12.4. AdaBoosting

Many of you are already familiar with how decision trees work, the underlying concepts, and the criteria used to split a tree. You can grow a decision tree, let it reach a certain size, and then apply pruning techniques to obtain your final classification model.

However, we know that a single tree often doesn’t perform very well on its own. That’s where ensemble methods come into play, such as Random Forests, which build on the principles we’ve learned about regression trees. Another powerful ensemble method is boosting, and in this discussion, we’ll delve into the concept of boosting.

Boosting, specifically AdaBoost, was introduced in the context of classification. We’ll explore what AdaBoost does and what we can infer about the final classifier from this boosting algorithm.
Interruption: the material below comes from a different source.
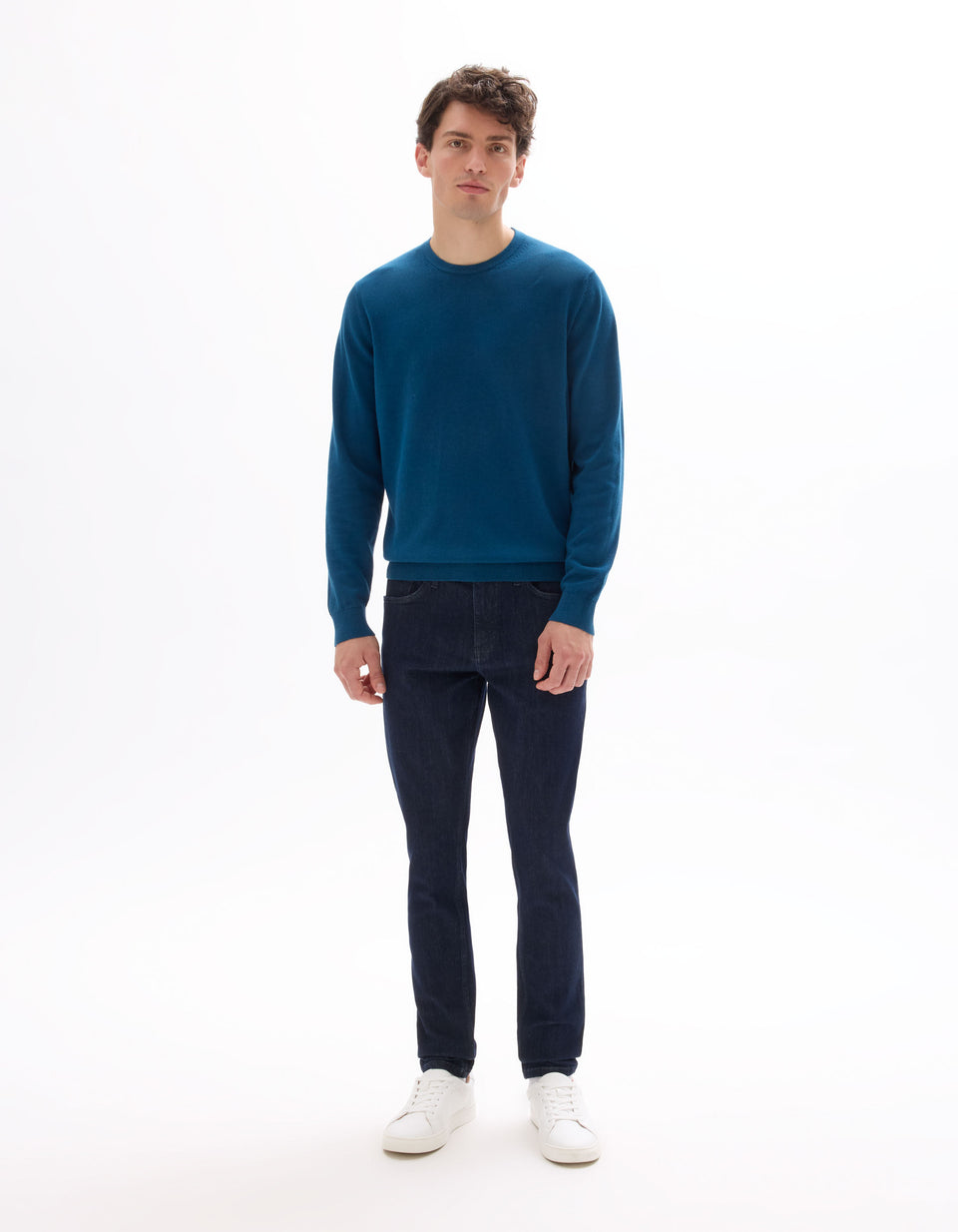Man wearing a blue sweater and dark jeans on a white background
It’s worth noting that AdaBoost is essentially a gradient-based algorithm, aiming to fit the model using an exponential loss function.

12.4.1. The Algorithm

When discussing the AdaBoost algorithm, we need to switch to a notation where binary labels are represented as +1 or -1, rather than 1 and 0. The goal of AdaBoost is to combine weak classifiers, which are classifiers that don’t need to be exceptionally accurate, as long as they perform slightly better than random guessing. In fact, we can even use classifiers that perform worse than random guessing, meaning their error rate is greater than 50%, because we can simply flip their predictions to improve accuracy.
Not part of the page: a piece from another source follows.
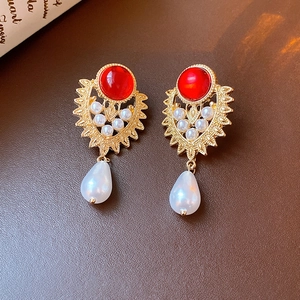 Elegant gold drop earrings with red ruby, pearls and a teardrop pearl on leather
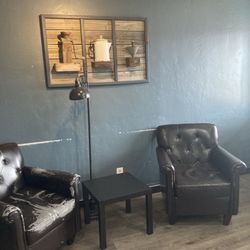 Liberation Coffee Company - Comfy tattered pleather chairs. Farmhouse coffee decor.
The core idea of the algorithm is to iteratively modify the weights assigned to the training data. Let’s outline the algorithm:

At each iteration, marked by \(t\), we update the data weights, select a classifier (which can be chosen randomly), calculate the training error, and determine a weight \(\alpha_t.\) Then, we update the data weights based on the classifier’s performance. The algorithm continues this process for a predefined number of iterations, and at the end, we sum the weighted classifiers, each scaled by \(\alpha_t,\) to form the final classifier.
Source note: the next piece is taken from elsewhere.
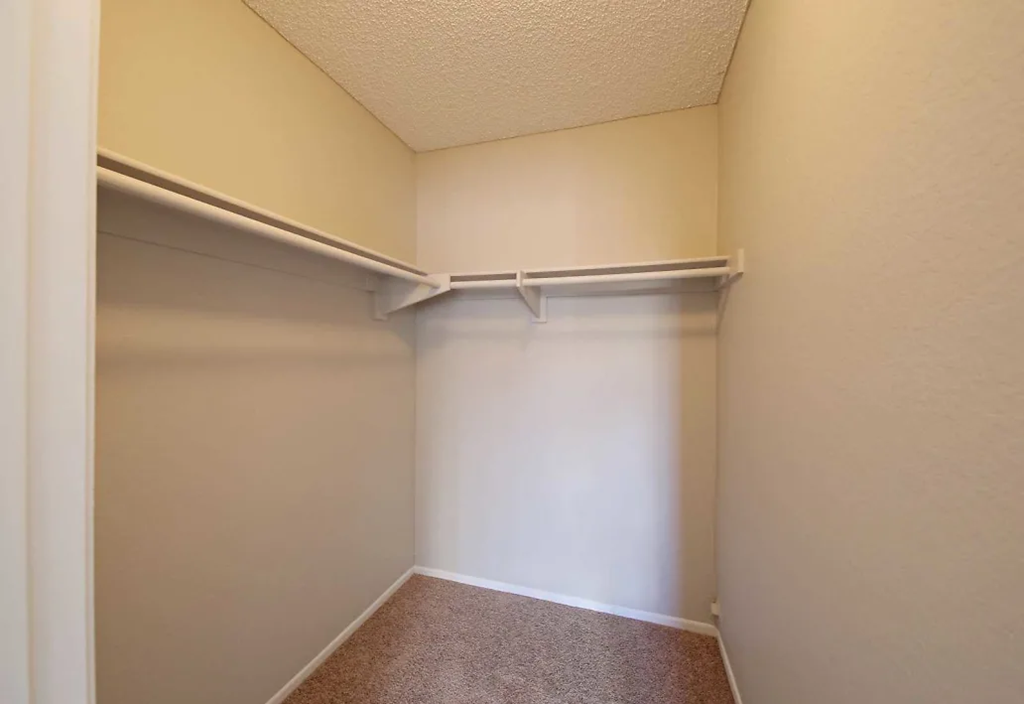 a closet in a room with a white wall and a curtain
To make predictions on new data, we apply this final classifier and check the sign of the output: if it’s positive, we classify as +1, and if it’s negative, we classify as -1.

12.4.2. Proof

Next we demonstrate that the training error can be driven to zero as the number of iterations ‘T’ approaches infinity, even when the individual classifiers are weak.

To prove this, we analyze the upper bound of the training error and show that it decreases with each iteration. The training error is computed using weighted data, which results in values between 0 and 1. By upper-bounding the indicator function used to measure classification error,

\[I (z < 0) < e^{-z}, z \in \mathbb{R},\]

We can express the training error in terms of exponential loss.

\[\begin{split}\text{Training-Err}(G_T) &= \sum_i \frac{1}{n} I \Big (y_i \ne \text{sign} \big ( \sum_{t=1}^T \alpha_t g_t(x_i) \big ) \Big ) \\ &= \sum_i \frac{1}{n} I \Big ( \sum_{t=1}^T y_i \alpha_t g_t(x_i) < 0 \Big ) \\ & \le \sum_i \frac{1}{n} \exp \Big ( - \sum_{t=1}^T \alpha_t y_i g_t(x_i) \Big ) \\ &\le \prod_{t=1}^{T} Z_t.\end{split}\]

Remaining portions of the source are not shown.